In some favorable Supreme Court–related news for a change, the institutional body may soon be held to a base level of transparency and accountability. That’s the aim of a constitutional administrative petition recently filed against the Court.


The petition, issued by Harry M. Snyder, a member of the State Bar of California, points out that "though they rule on the nation’s most influential cases, the justices of the Supreme Court are uniquely exempted from the basic set of ethical rules — the Code of Conduct for United States Judges — that governs all other federal judges."

The petition calls for the implementation of three basic measures:

  • The adoption of the Code of Conduct for United States judges
  • The creation of a committee to review and act on complaints to conflicts of interest
  • A requirement that recusals and refusals to recuse be disclosed publicly

Far from being a set of revolutionary reforms, these points reflect pre-existing ethical standards to which all other judges on the federal level are held. In calling for their implementation, the petition addresses the “structural lack of accountability” that has come to light in recent years.

Arriving at a time of upheaval for the court, the petition’s timing could not be more appropriate, especially given the many issues of accountability demonstrated by the late Associate Justice Antonin Scalia.

Two prominent examples in particular show the bias endemic to many of the court’s judicial decisions. In terms of conflicts of interest, the petition cites the prominent case of Justice Scalia’s refusal to recuse himself in a case brought against former Vice President Dick Cheney.
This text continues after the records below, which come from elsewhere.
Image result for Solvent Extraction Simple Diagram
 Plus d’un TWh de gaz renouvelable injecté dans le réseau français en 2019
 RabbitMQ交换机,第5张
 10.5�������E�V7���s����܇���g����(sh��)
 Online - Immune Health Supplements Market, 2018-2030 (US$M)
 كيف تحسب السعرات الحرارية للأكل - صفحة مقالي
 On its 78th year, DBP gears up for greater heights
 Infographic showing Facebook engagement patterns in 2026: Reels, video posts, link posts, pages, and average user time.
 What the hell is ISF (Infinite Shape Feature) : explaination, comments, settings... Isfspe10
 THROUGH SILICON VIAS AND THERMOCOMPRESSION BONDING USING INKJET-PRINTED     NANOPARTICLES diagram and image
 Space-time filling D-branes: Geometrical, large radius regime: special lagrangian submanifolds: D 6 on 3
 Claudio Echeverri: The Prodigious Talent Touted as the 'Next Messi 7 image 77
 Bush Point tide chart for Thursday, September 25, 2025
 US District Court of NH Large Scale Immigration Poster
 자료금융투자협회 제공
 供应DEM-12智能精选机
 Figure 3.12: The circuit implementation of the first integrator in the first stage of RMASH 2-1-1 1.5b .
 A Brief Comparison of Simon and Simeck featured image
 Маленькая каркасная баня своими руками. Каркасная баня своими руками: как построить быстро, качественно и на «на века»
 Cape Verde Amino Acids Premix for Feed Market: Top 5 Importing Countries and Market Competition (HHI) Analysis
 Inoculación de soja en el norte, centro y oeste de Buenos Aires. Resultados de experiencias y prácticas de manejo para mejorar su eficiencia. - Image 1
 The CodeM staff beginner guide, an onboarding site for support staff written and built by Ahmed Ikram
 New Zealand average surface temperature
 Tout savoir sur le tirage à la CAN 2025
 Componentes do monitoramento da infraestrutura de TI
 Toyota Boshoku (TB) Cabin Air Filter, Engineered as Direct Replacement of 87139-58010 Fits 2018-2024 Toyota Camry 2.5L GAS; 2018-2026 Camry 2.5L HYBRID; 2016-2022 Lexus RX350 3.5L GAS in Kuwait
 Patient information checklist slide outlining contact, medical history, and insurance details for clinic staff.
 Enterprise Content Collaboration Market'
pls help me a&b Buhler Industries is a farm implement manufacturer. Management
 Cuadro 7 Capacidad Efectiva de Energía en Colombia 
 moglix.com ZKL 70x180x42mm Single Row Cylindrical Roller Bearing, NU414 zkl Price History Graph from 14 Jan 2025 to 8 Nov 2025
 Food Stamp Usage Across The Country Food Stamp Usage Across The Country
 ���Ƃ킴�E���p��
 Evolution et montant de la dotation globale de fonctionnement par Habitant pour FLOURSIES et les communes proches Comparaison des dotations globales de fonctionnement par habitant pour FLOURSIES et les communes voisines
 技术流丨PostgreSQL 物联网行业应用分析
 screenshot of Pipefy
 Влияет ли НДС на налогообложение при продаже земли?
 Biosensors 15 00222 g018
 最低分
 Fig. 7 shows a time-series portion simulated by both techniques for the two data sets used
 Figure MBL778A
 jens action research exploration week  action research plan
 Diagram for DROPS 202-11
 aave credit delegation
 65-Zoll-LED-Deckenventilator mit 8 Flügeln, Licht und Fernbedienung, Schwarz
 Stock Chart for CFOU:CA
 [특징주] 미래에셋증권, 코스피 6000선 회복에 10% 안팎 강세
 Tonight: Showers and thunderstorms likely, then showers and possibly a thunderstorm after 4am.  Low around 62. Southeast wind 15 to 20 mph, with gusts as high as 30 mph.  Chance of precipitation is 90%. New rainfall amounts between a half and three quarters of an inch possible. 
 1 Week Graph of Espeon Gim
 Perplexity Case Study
Despite the pair’s longstanding friendship, the court agreed to hear the case and as we know all too well, to this day Cheney remains free of criminal charges. In another example, Justice Breyer is invoked for his failure to recuse himself in the case of United States v. Booker, which sought to challenge sentencing guidelines Breyer himself helped create years earlier.

As the petition notes: “Is it any wonder that public approval of the Supreme Court is at a historic low of 43%?”

There’s also the more recent controversy surrounding Scalia’s “all-expenses paid” trips to the ranch of a former party in one of his cases.

Basically, given the ever-tipping scales that mark the U.S. justice system, the petition represents a much-needed weight cast on the side of sanity.